-- Task to complete --
Among the entries below, the lines from the one with "柳州至南宁第二高速现状（柳州经合山至南宁高速公路计划今年7月通车）" up to and including the one with "Waterproof LiliMulti bag" are to be restated exactly, without pictures.

-- Data supplied --
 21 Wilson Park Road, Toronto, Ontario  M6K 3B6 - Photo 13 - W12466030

==

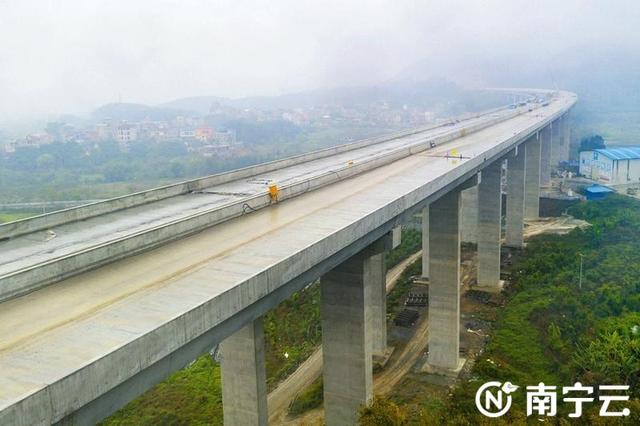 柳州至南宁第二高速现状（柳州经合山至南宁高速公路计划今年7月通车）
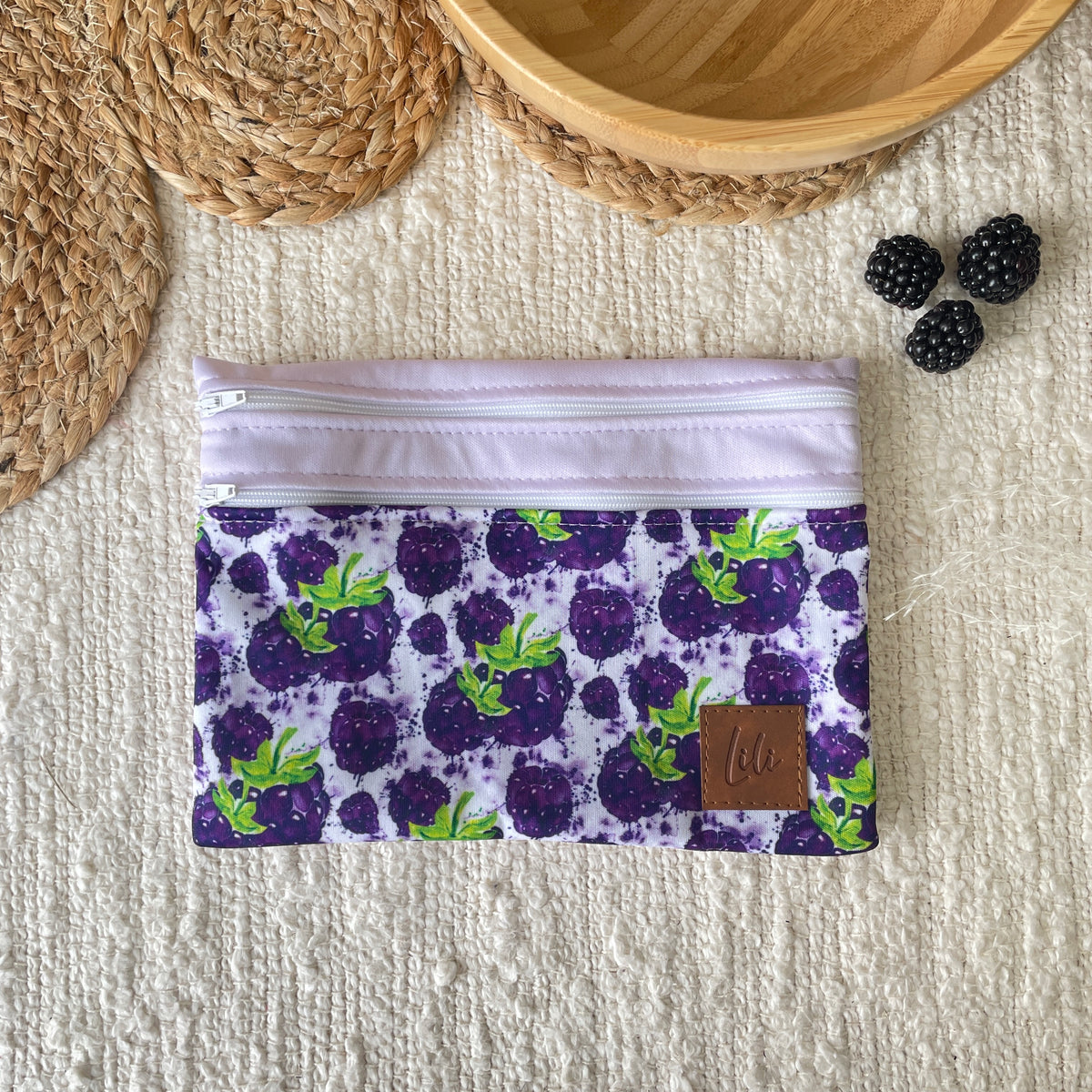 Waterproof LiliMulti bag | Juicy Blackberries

...

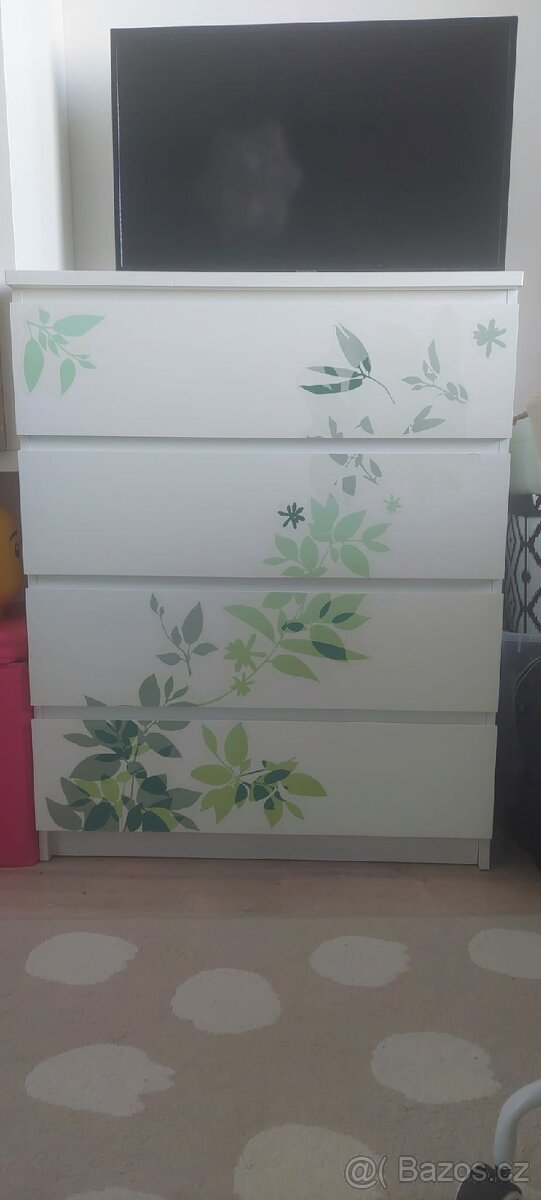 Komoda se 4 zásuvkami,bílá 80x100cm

-- Answer for the task --
 柳州至南宁第二高速现状（柳州经合山至南宁高速公路计划今年7月通车）
 Waterproof LiliMulti bag | Juicy Blackberries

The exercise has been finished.